Marcia Clark Recalls O.J. Simpson Case: "There Was No Way to Reach That Jury"

Marcia Clark Dateline - H 2016
Dateline NBC

Marcia Clark, the former Los Angeles County prosecutor who was the lead attorney on the O.J. Simpson murder case, says she blames herself for the controversial outcome of the case. 

Sitting down for a Dateline NBC interview set to air Sunday, Clark shed some more light on the inner workings of the case which captivated the world more than two decades ago. 

A preview of the pre-taped interview was released Tuesday; Clark sitting down with Josh Mankiewicz talks about not wanting Simpson to try on the gloves during the trial and how she felt when the jury foreman read "Not guilty." 

"It was physically painful," Clark says of the verdict. "And I thought of Ron [Goldman] and Nicole [Brown], and I thought, 'This is wrong.'" 

The double homicide has once again become a main topic of conversation following the recently launched FX series The People v. O.J. Simpson: American Crime Story.

So far, four episodes of the nine part series have aired. 

The two-hour Dateline special will also feature interviews with Kris Jenner, Denise Brown, Fred Goldman, Alan Dershowitz and Kato Kaelin, among numerous others connected to the case.

In the preview for the special, Clark — played by Sarah Paulson in the FX series — says she blames herself for Simpson going free.

"But at the end of the day, we really ... there was no way to reach that jury," she tells Mankiewicz. "There was no way to make them believe. There really wasn't."

Clark also says she was against Simpson trying on the gloves, which police said the killer left behind, during the trial. That iconic moment, when the glove appeared to not fit, was a massive blow to the prosecution. 

"That was not my call.

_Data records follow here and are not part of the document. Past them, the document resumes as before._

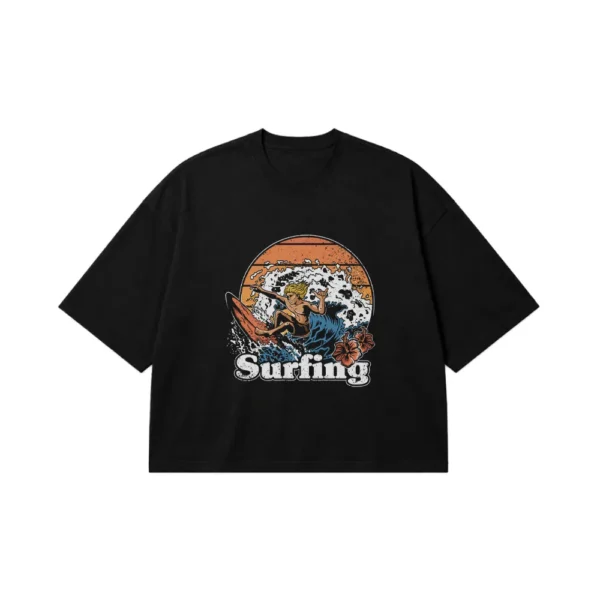 تیشرت باکسی موج سواری طرح تابستانی رترو (Surfing) کد 7231
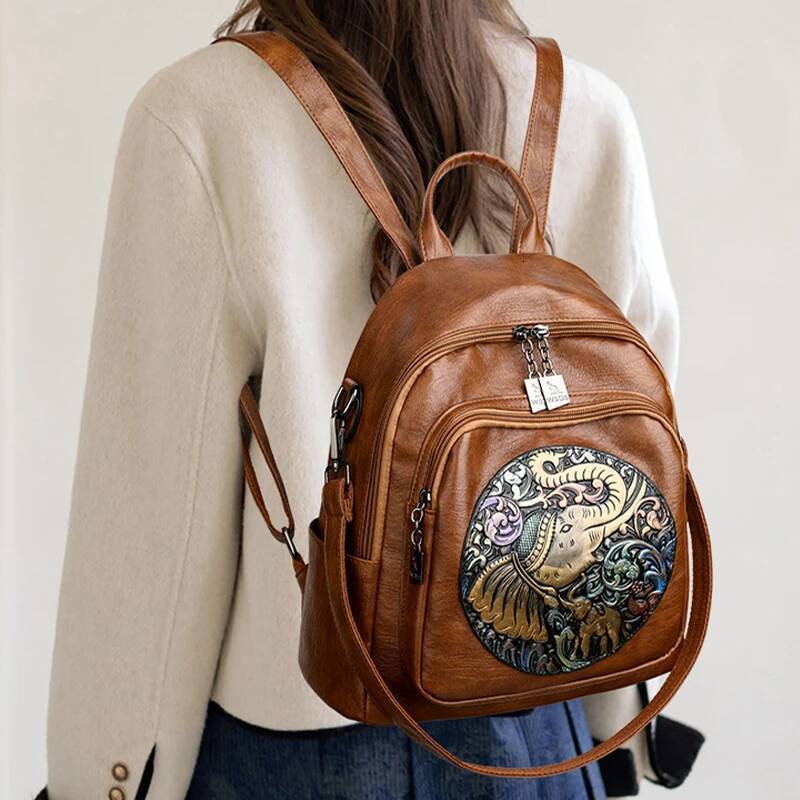 Elephant Print Design Backpacks High Quality Leather Solid Color Backpack Luxurious Women's Brand Travel Mochilas Sac A Dos high-quality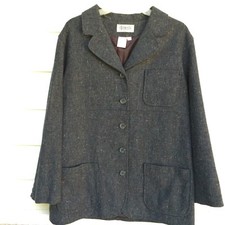 Vtg Womens Wool Tweed Jacket Coat Elements Exclusively Spiegel Size 12 Made Usa
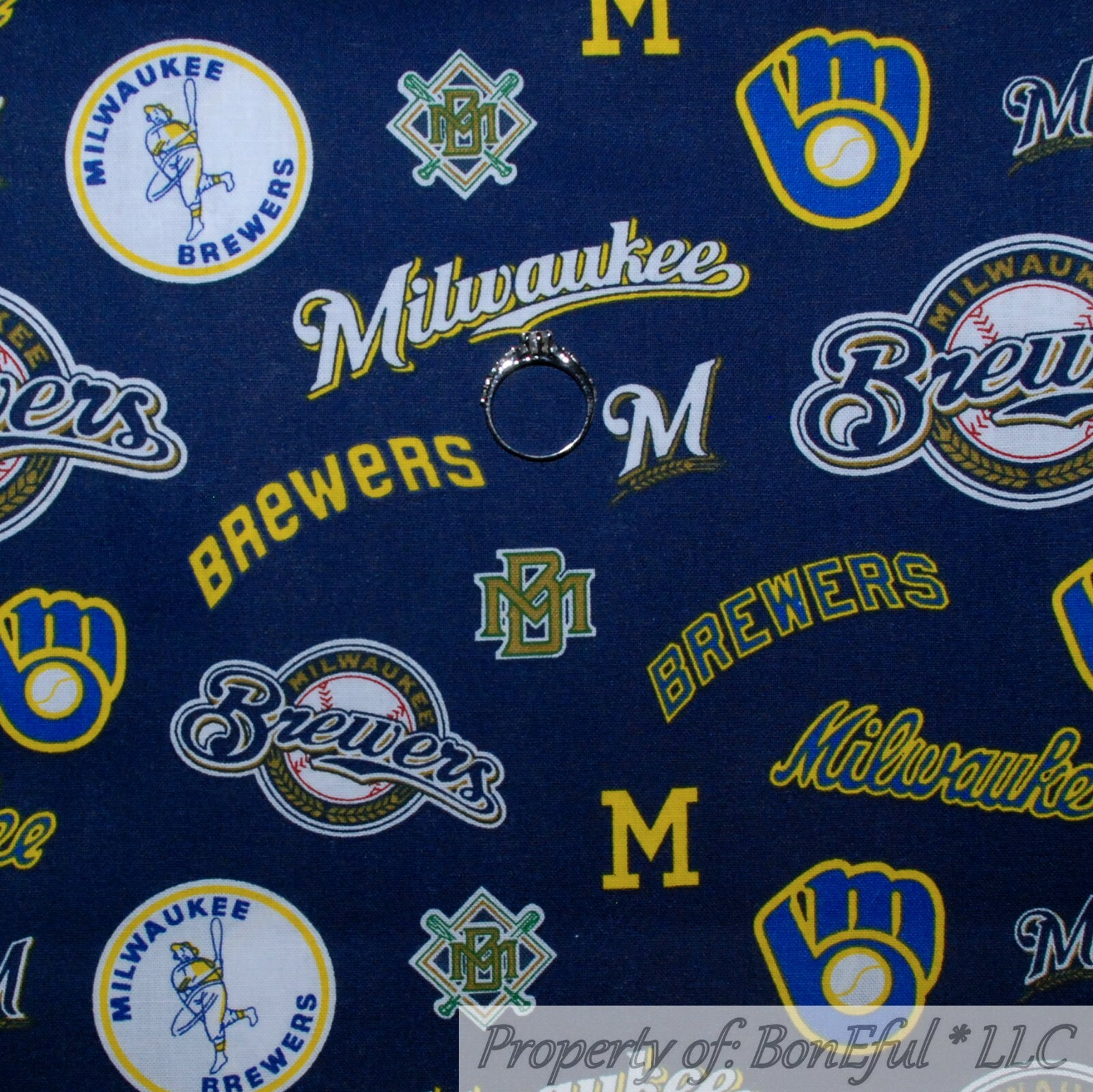 BonEful FABRIC FQ Cotton Quilt Navy Blue White Gold Kansas City Royals MLB USA L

That was not my call," she tells Mankiewicz. "I did not want him to try on the evidence gloves. I never did."

That idea came from co-counsel Christopher Darden, played by Sterling K. Brown in the FX series. Darden apologized to Clark for the massive blunder, she says. 

"And I said, 'It’s okay," says Clark. "If that lost the case for us, we were never going to win anyway'.”